**Provided records**

>>>>>

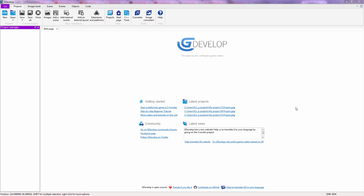Hey guys, this is Steven from Steven Gaming TV and today I'm going to show you how to use the sprite editor inside of GDevelop. Before we start, I want you to know that we are inside of a tutorial playlist. There were tutorials before this one and there will be tutorials after this one. So browse youtube.com/user/StevenGamingTV for all of the tutorials if you don't see them on the related videos.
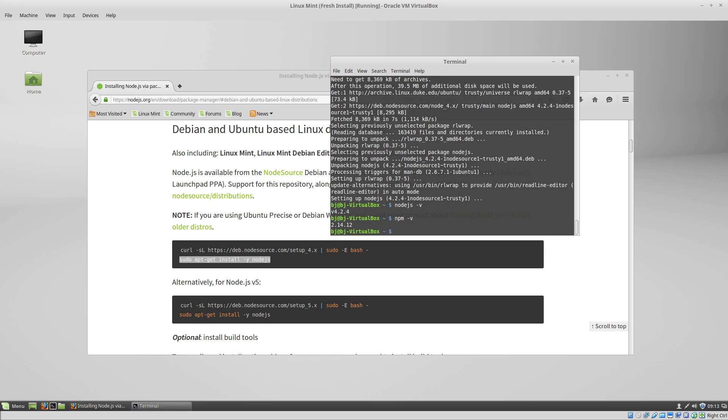One more thing we want to do is tell npm where to install the global packages that we are going to install. If we don't do this, then you'll have to type sudo every time you want to install something globally with npm.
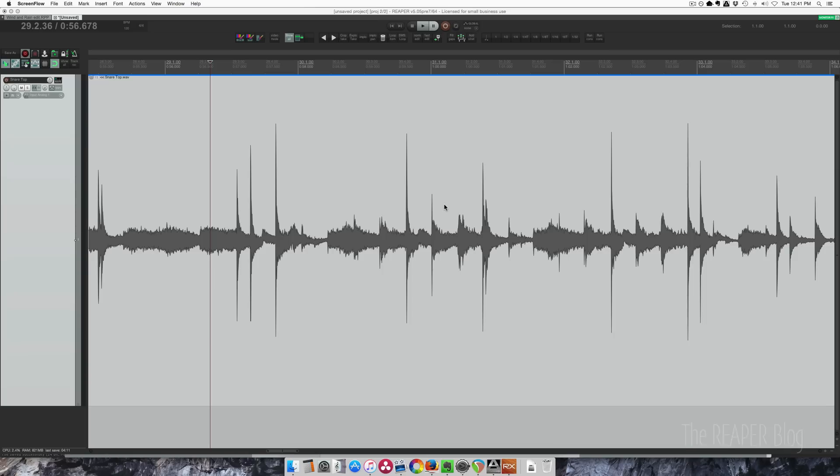Hey guys, welcome to a quick tip tutorial from the Reaper blog. I've been doing some drum editing this week, and in this particular song the snare drum looks really weird.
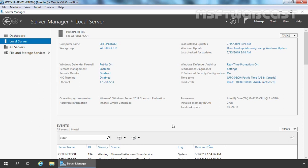Hello everyone. Welcome to MS Update Webcast. This will be a four or five part video series on how to deploy a two-tier public key infrastructure using Windows Server 2019. In the first part of this video series,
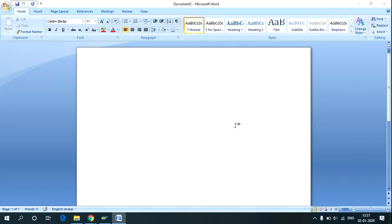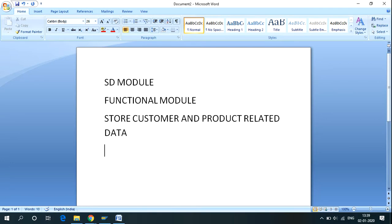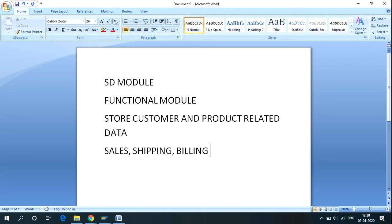In this video I'll tell you about the SD module of SAP. SD module is the core functional module of SAP. The SD module of SAP ERP allows organizations to store and manage customer and product related data. Organizations use this data to manage all the sales, shipping, billing and invoicing of their goods and services.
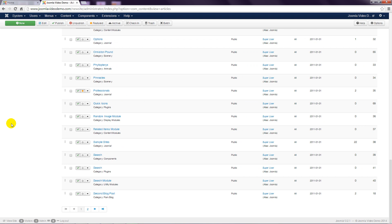As your site grows, it becomes more difficult to find the article you want to manage, so Joomla provides some filtering.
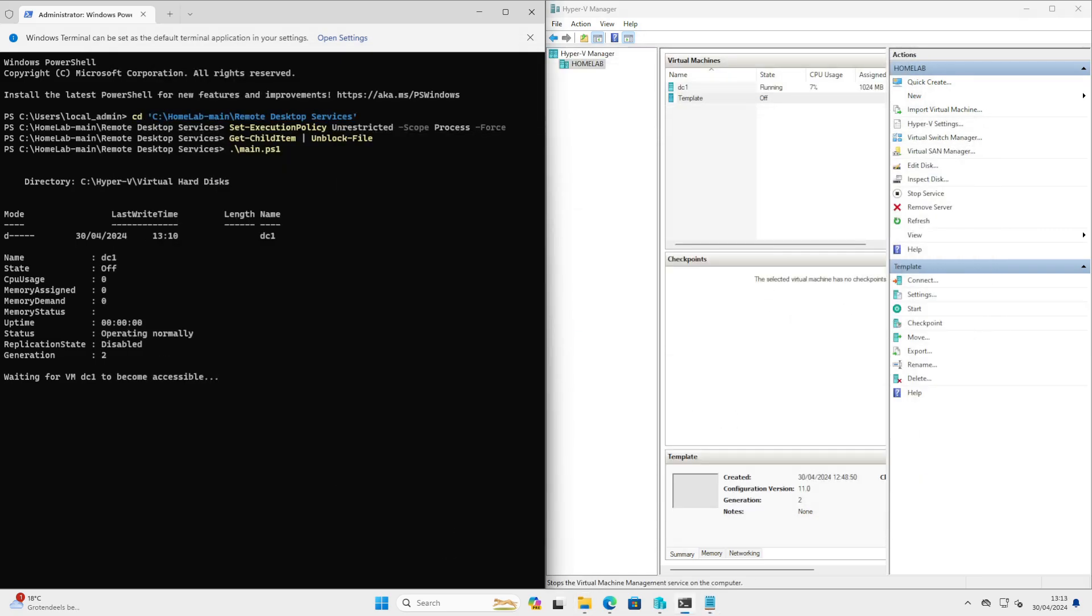That's it for today's tutorial. I hope this guide helps you set up your own homelab using Hyper-V. If you have any questions or need further clarification, please leave a comment below. Don't forget to like and subscribe for more tech tips, and thank you for watching.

<<<<<

**Instructions for the task**
What is needed here is an exact copy of every record, with the pictures left out.

**Response area**
Hey guys, this is Steven from Steven Gaming TV and today I'm going to show you how to use the sprite editor inside of GDevelop. Before we start, I want you to know that we are inside of a tutorial playlist. There were tutorials before this one and there will be tutorials after this one. So browse youtube.com/user/StevenGamingTV for all of the tutorials if you don't see them on the related videos.
One more thing we want to do is tell npm where to install the global packages that we are going to install. If we don't do this, then you'll have to type sudo every time you want to install something globally with npm.
Hey guys, welcome to a quick tip tutorial from the Reaper blog. I've been doing some drum editing this week, and in this particular song the snare drum looks really weird.
Hello everyone. Welcome to MS Update Webcast. This will be a four or five part video series on how to deploy a two-tier public key infrastructure using Windows Server 2019. In the first part of this video series,
In this video I'll tell you about the SD module of SAP. SD module is the core functional module of SAP. The SD module of SAP ERP allows organizations to store and manage customer and product related data. Organizations use this data to manage all the sales, shipping, billing and invoicing of their goods and services.
As your site grows, it becomes more difficult to find the article you want to manage, so Joomla provides some filtering.
That's it for today's tutorial. I hope this guide helps you set up your own homelab using Hyper-V. If you have any questions or need further clarification, please leave a comment below. Don't forget to like and subscribe for more tech tips, and thank you for watching.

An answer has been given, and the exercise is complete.